= Your instructions =
What you hand back must match the records word for word, with no pictures.
──────── Task input
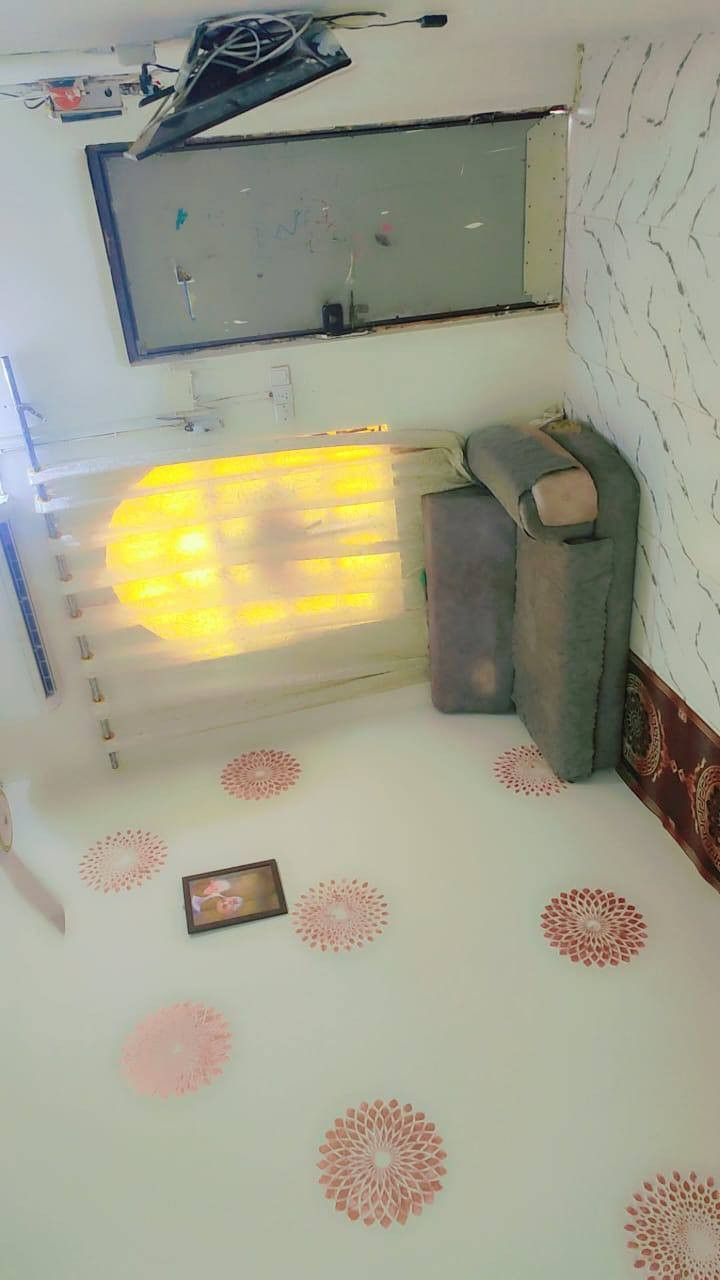 🏠 فرصة للبيع – بيت تجاوز بسعر مناسب

📍 الموقع: الأمن الداخلي – البصرة  
على شارع القائد وموقع سهل الوصول.

📐 المساحة: 150 م²  

🔹 تفاصيل البيت:  
- ديوانية  
- هول  
- غرفة  
- مطبخ  
- ترك  
- ساحة واسعة مناسبة لبناء بيت كبير مستقبلاً  

🔹 التشطيب:  
- الأرضية سيراميك بالكامل  
- الساحة شتايكر  
- السقف سندويج  
- البيت مرتب وجاهز للسكن

💰 السعر: 18 مليون دينار  
(يوجد مجال بسيط للنقاش)

📞 للاستفسار والتواصل: خاص


**إذا كنت صاحب هذا الإعلان وتريد حذفه لأي سبب، رجاءا أرسل رسالة إلى الدعم الفني**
────────────────
= Response below =
 🏠 فرصة للبيع – بيت تجاوز بسعر مناسب

📍 الموقع: الأمن الداخلي – البصرة  
على شارع القائد وموقع سهل الوصول.

📐 المساحة: 150 م²  

🔹 تفاصيل البيت:  
- ديوانية  
- هول  
- غرفة  
- مطبخ  
- ترك  
- ساحة واسعة مناسبة لبناء بيت كبير مستقبلاً  

🔹 التشطيب:  
- الأرضية سيراميك بالكامل  
- الساحة شتايكر  
- السقف سندويج  
- البيت مرتب وجاهز للسكن

💰 السعر: 18 مليون دينار  
(يوجد مجال بسيط للنقاش)

📞 للاستفسار والتواصل: خاص


**إذا كنت صاحب هذا الإعلان وتريد حذفه لأي سبب، رجاءا أرسل رسالة إلى الدعم الفني**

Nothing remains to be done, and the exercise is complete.